Ketua LKAAM Sumbar sebut tak ada ampun bagi pelaku asusila
Ketua Lembaga Kerapatan Adat Alam Minangkabau (LKAAM) Provinsi Sumatera Barat (Sumbar) Fauzi Bahar Datuak Nan Sati mengaku sangat miris dengan perbuatan asusila yang terjadi saat ini, apalagi sudah terjadi di lembaga pendidikan tinggi, bahkan perbuatan asusila tersebut dilakukan oleh sesama jenis.

Elshinta.com - Ketua Lembaga Kerapatan Adat Alam Minangkabau (LKAAM) Provinsi Sumatera Barat (Sumbar) Fauzi Bahar Datuak Nan Sati mengaku sangat miris dengan perbuatan asusila yang terjadi saat ini, apalagi sudah terjadi di lembaga pendidikan tinggi, bahkan perbuatan asusila tersebut dilakukan oleh sesama jenis.
Perbuatan tersebut sangat bertolak belakang dengan adat Minangkabau yang telah diakui negara yaitu Adat Basandi Syara', Syara' Basandi Kitabullah (ABS, SBK).
Fauzi Bahar menyebutkan, tidak ada ampun dan maaf bagi orang yang melakukan. Perbuatan tersebut merupakan perbuatan asusila diatas asusila. Artinya pelanggaran asusila diatas asusila.
"Orang berbuat asusila antara laki laki dengan perempuan saja, sudah naif sekali.

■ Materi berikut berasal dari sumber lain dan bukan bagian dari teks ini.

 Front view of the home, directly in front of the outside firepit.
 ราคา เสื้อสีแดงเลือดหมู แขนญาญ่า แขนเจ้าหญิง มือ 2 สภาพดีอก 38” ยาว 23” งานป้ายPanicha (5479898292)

Ini suatu hal yang sangat mencoreng nama Sumbar dan Minangkabau," kata Fauzi Bahar, Selasa (20/5).
Sumbar yang menjunjung tinggi falsafah ABS, SBK, maka tidak ada ampun bagi pelaku dan pelaku harus angkat kaki dari Sumbar.
"Di Minang ini ada hukum, dibuang dari adat, rantau dan nagari," ujar Fauzi Bahar seperti dilaporkan Kontributor Elshinta, Musthofa, Rabu (21/5).

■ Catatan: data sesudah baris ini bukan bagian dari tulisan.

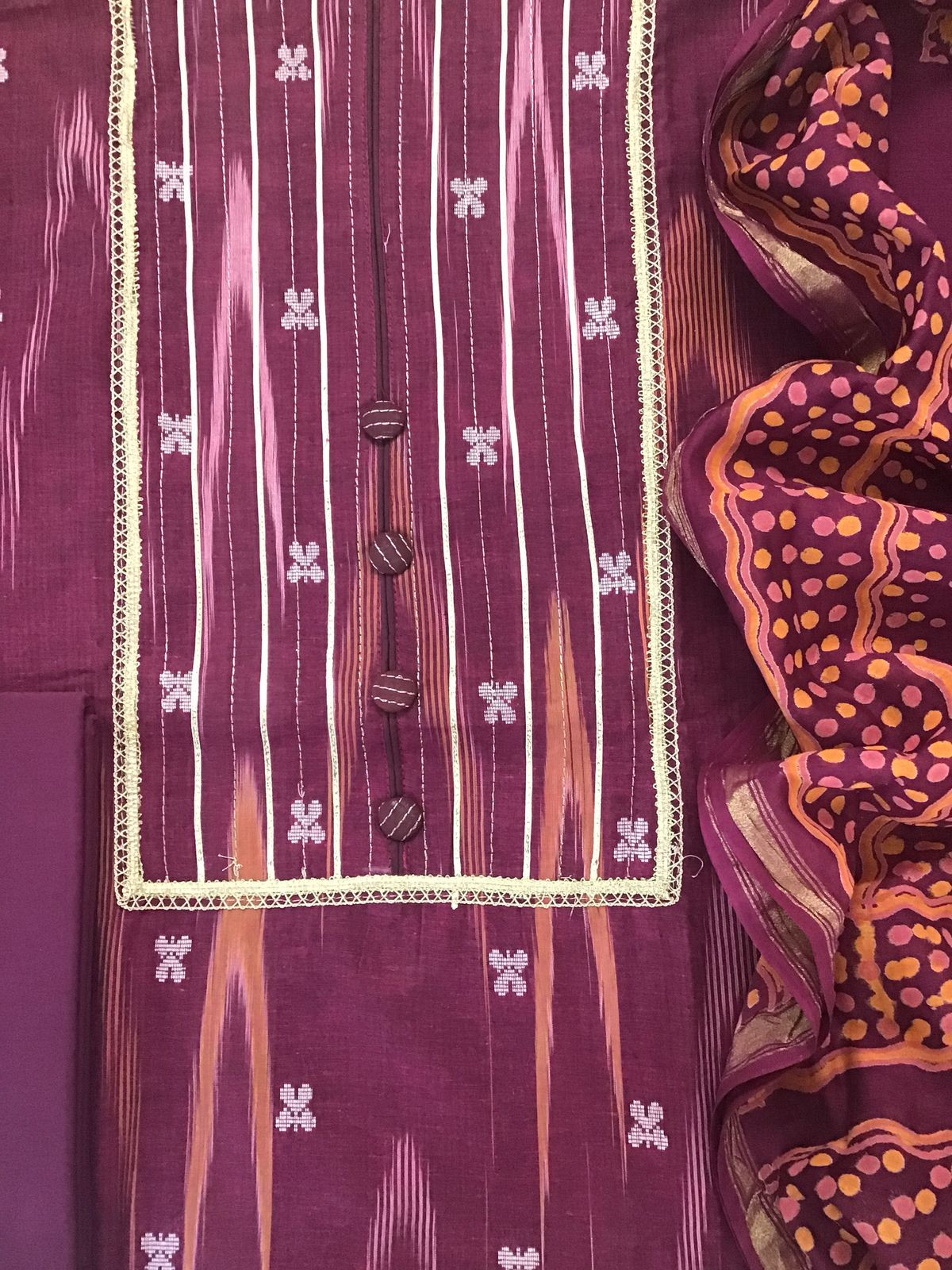 Pure Fine Ikkat Cotton Self Weaved Embroidered Suit - Wine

Fauzi Bahar mengaku tidak main-main dengan kasus asusila yang terjadi, apalagi pelakunya seorang oknum di salah satu lembaga pendidikan kesehatan.
Fauzi Bahar mengatakan, lembaga pendidikan merupakan lembaga yang sangat terhormat. Tempat menuntut ilmu yang sangat terhormat.
Fauzi Bahar khawatir, apabila kasus asusila tersebut tidak diproses akan dapat berdampak buruk terhadap keberlangsungan pendidikan di lembaga pendidikan tersebut. Untuk mengantisipasi dampak buruk tersebut, pelaku harus dipecat dan dikeluarkan dari institusi tersebut.
Lebih lanjut Fauzi Bahar menjelaskan, pelaku yang melanggar norma adat dan agama dengan melakukan perbuatan asusila, tidak hanya satu dua oknum pelaku yang dikeluarkan dari kampung.
Sanksi adat diberikan untuk memberikan efek jera agar perbuatan yang sama tidak terjadi kembali. Pelaku juga tidak mengulangi kembali perbuatan yang sama.